/---

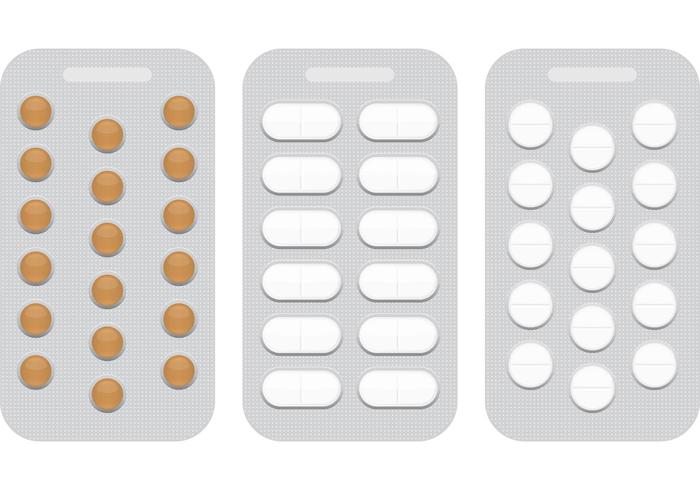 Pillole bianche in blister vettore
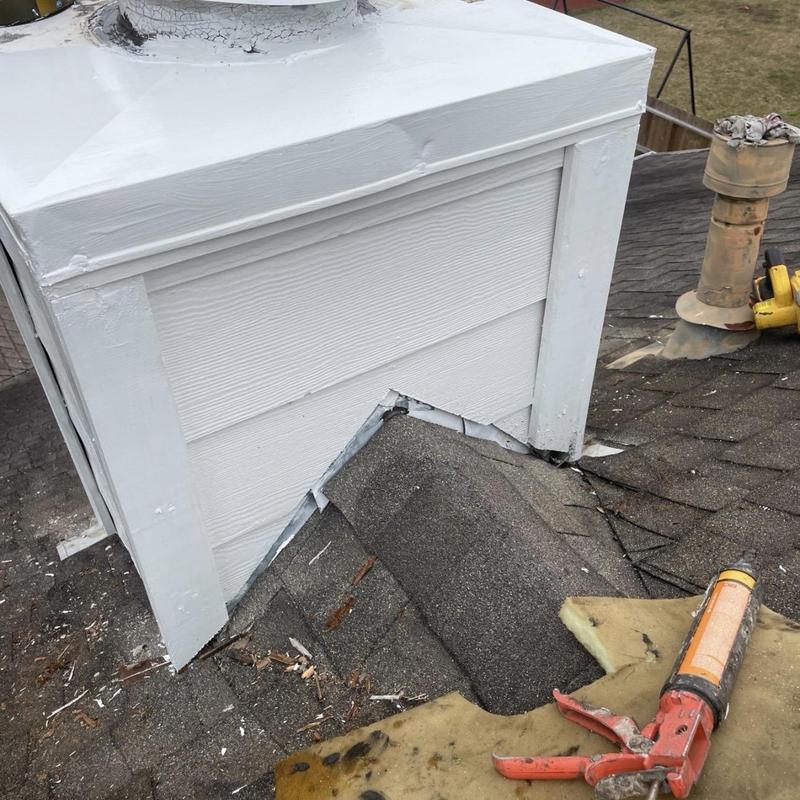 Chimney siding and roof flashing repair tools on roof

\---
/---

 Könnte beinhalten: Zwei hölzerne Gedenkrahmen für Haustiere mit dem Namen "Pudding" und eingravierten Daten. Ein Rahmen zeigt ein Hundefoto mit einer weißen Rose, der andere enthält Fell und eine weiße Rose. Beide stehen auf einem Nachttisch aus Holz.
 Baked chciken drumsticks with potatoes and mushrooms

\---

WORK TO BE COMPLETED
Within the material above, transcribe exactly the lines that run from the line holding "Könnte beinhalten: Zwei" through the line holding "Baked chciken drumsticks".

ANSWER AREA
 Könnte beinhalten: Zwei hölzerne Gedenkrahmen für Haustiere mit dem Namen "Pudding" und eingravierten Daten. Ein Rahmen zeigt ein Hundefoto mit einer weißen Rose, der andere enthält Fell und eine weiße Rose. Beide stehen auf einem Nachttisch aus Holz.
 Baked chciken drumsticks with potatoes and mushrooms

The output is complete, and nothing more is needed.